**Aim of the task**
Nothing but the lines from the one containing "Hipster Wonder Woman Painting By Jera Sky" through the end of the data should be retyped, exactly as they stand, and pictures should not be retyped.

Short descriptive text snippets
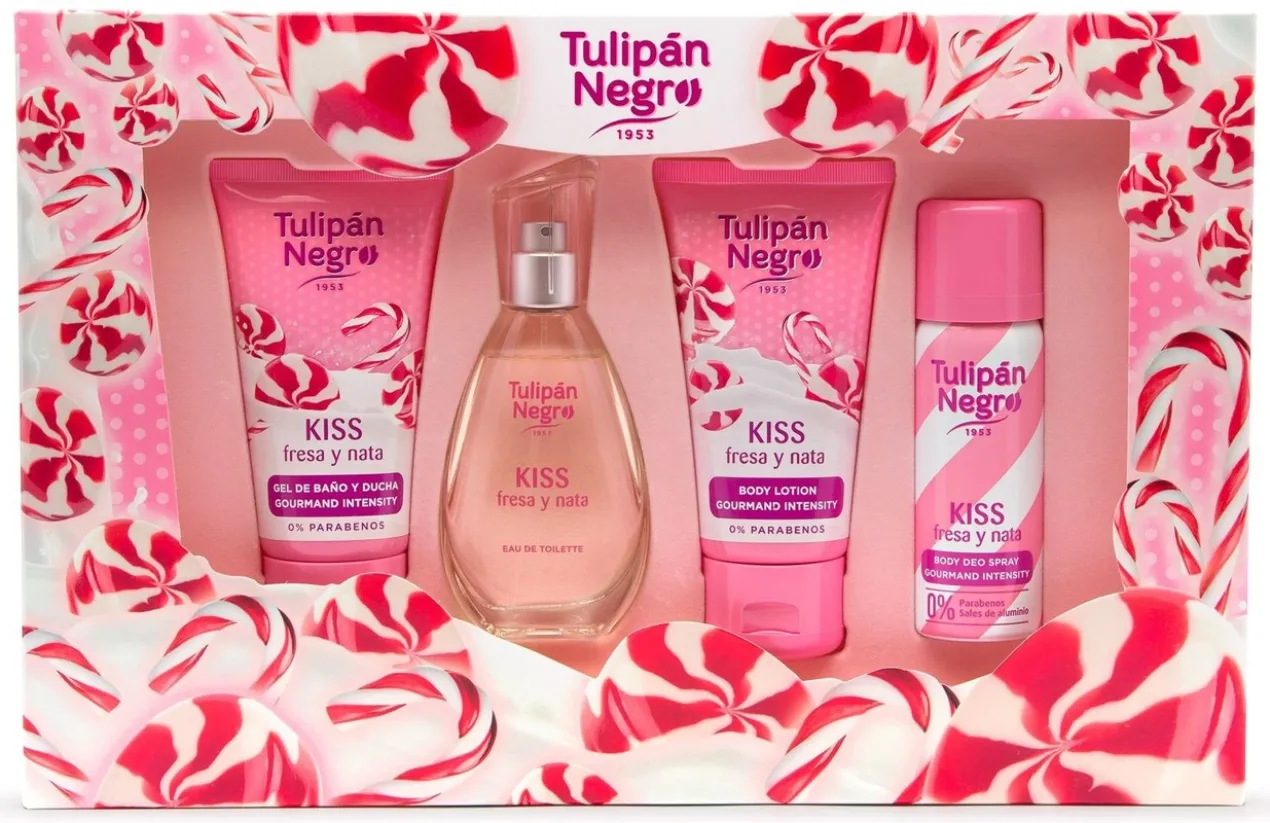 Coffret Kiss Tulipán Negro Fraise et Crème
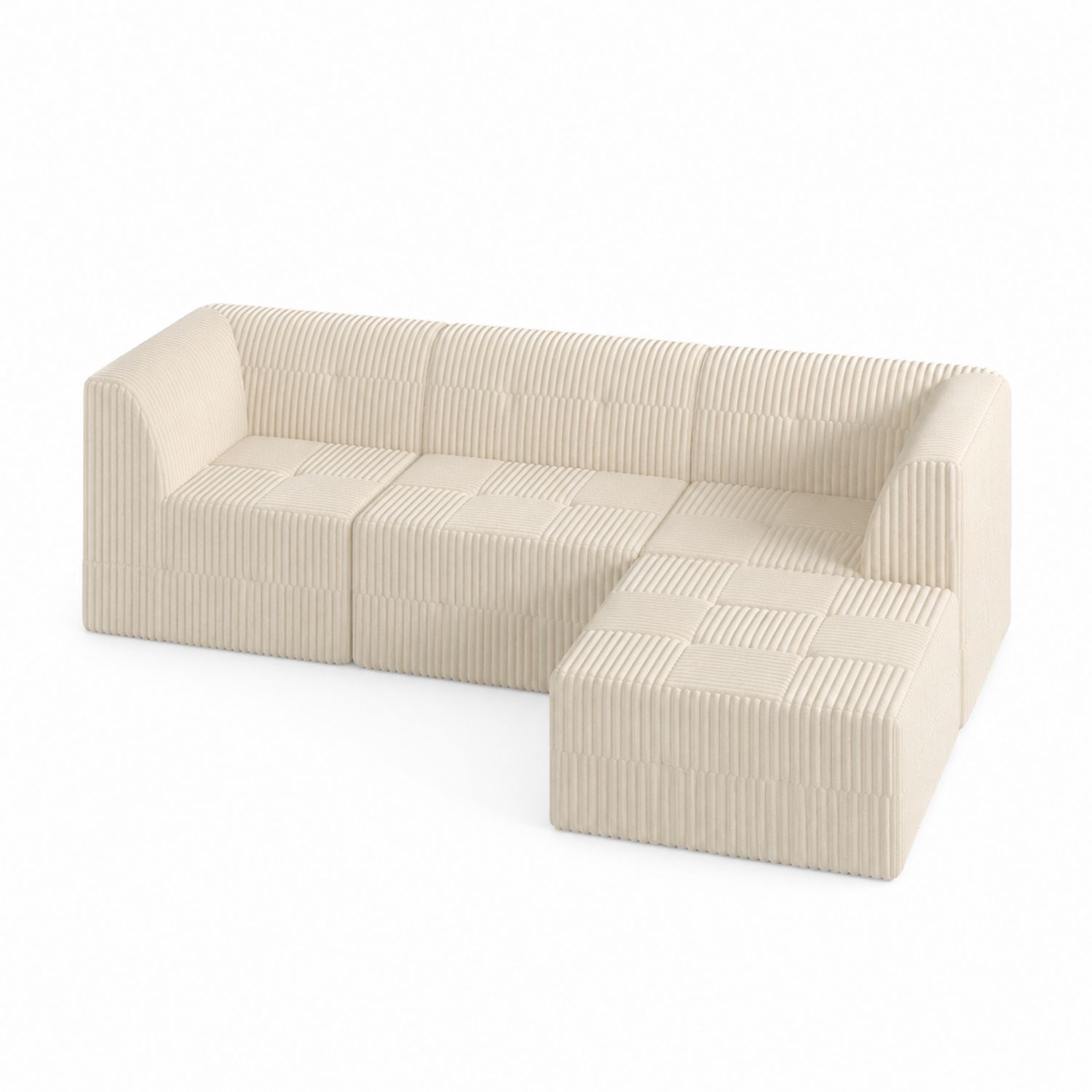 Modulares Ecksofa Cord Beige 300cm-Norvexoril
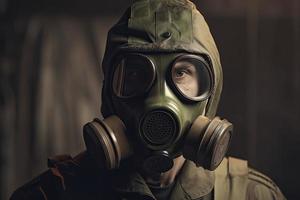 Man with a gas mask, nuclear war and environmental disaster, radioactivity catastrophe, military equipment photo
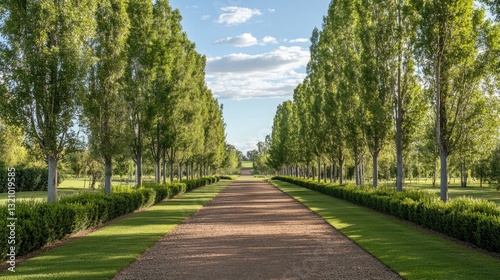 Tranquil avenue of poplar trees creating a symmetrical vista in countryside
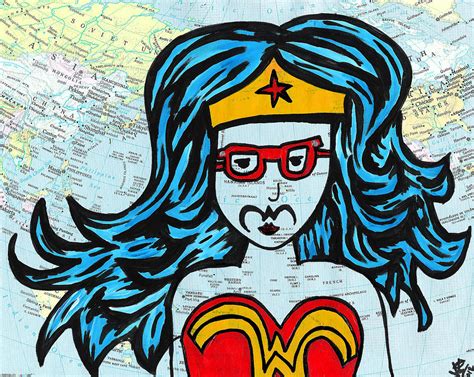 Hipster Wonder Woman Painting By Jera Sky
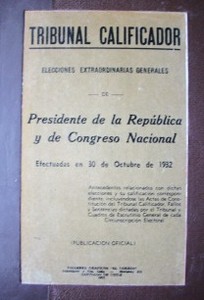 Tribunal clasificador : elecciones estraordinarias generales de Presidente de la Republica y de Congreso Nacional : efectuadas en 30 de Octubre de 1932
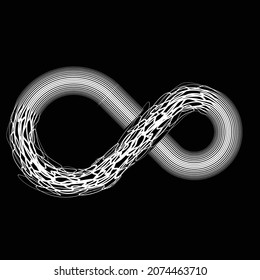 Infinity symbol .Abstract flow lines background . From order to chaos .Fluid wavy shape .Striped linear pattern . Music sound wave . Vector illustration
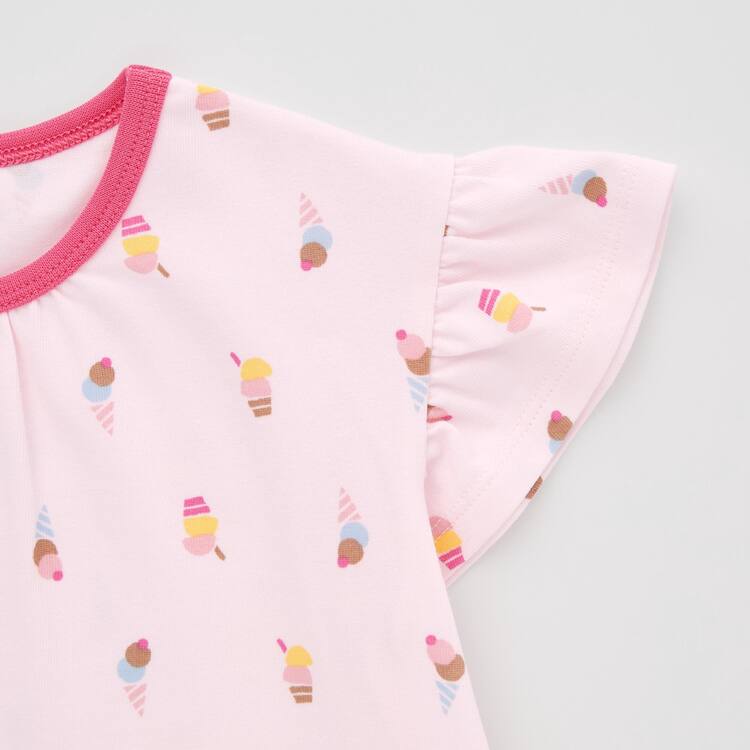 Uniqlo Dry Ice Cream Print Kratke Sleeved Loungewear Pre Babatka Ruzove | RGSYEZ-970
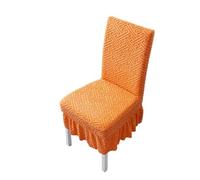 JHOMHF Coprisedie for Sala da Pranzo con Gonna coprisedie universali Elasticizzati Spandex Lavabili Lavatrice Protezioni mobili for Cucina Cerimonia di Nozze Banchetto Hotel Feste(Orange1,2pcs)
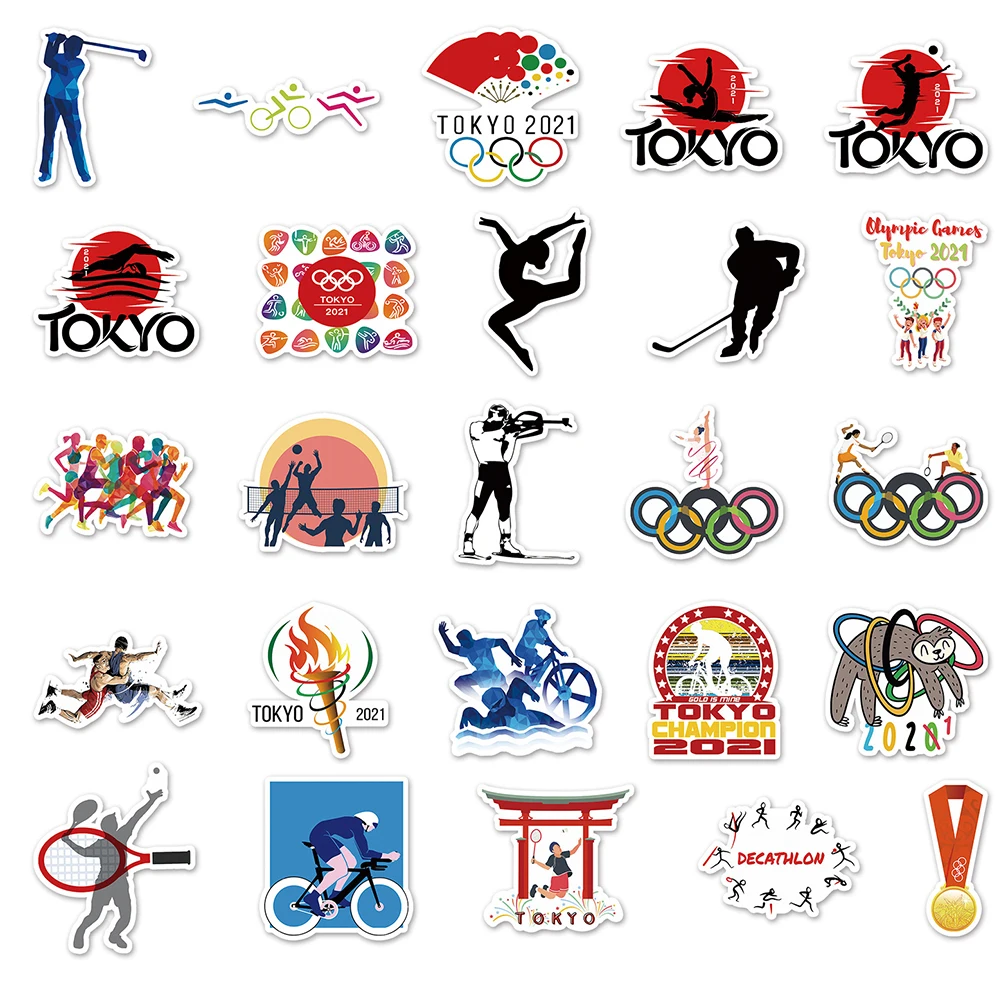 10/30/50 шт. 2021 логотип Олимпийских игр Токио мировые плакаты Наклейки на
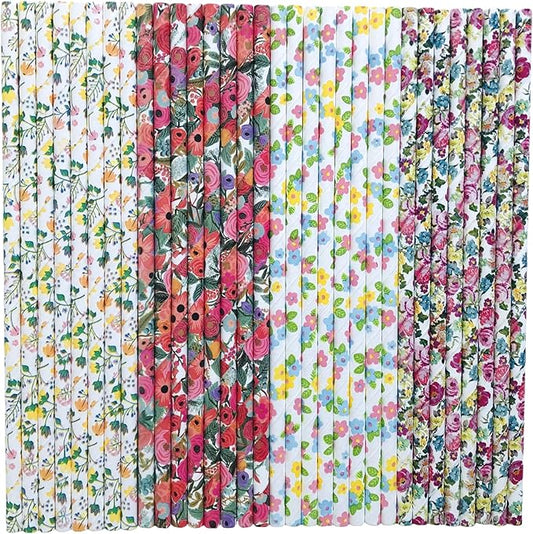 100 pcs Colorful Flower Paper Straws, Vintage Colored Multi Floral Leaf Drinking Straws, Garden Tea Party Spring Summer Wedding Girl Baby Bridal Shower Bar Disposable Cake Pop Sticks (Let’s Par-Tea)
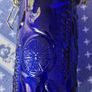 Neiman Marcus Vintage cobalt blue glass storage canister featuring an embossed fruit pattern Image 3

**Task output**
 Hipster Wonder Woman Painting By Jera Sky
 Tribunal clasificador : elecciones estraordinarias generales de Presidente de la Republica y de Congreso Nacional : efectuadas en 30 de Octubre de 1932
 Infinity symbol .Abstract flow lines background . From order to chaos .Fluid wavy shape .Striped linear pattern . Music sound wave . Vector illustration
 Uniqlo Dry Ice Cream Print Kratke Sleeved Loungewear Pre Babatka Ruzove | RGSYEZ-970
 JHOMHF Coprisedie for Sala da Pranzo con Gonna coprisedie universali Elasticizzati Spandex Lavabili Lavatrice Protezioni mobili for Cucina Cerimonia di Nozze Banchetto Hotel Feste(Orange1,2pcs)
 10/30/50 шт. 2021 логотип Олимпийских игр Токио мировые плакаты Наклейки на
 100 pcs Colorful Flower Paper Straws, Vintage Colored Multi Floral Leaf Drinking Straws, Garden Tea Party Spring Summer Wedding Girl Baby Bridal Shower Bar Disposable Cake Pop Sticks (Let’s Par-Tea)
 Neiman Marcus Vintage cobalt blue glass storage canister featuring an embossed fruit pattern Image 3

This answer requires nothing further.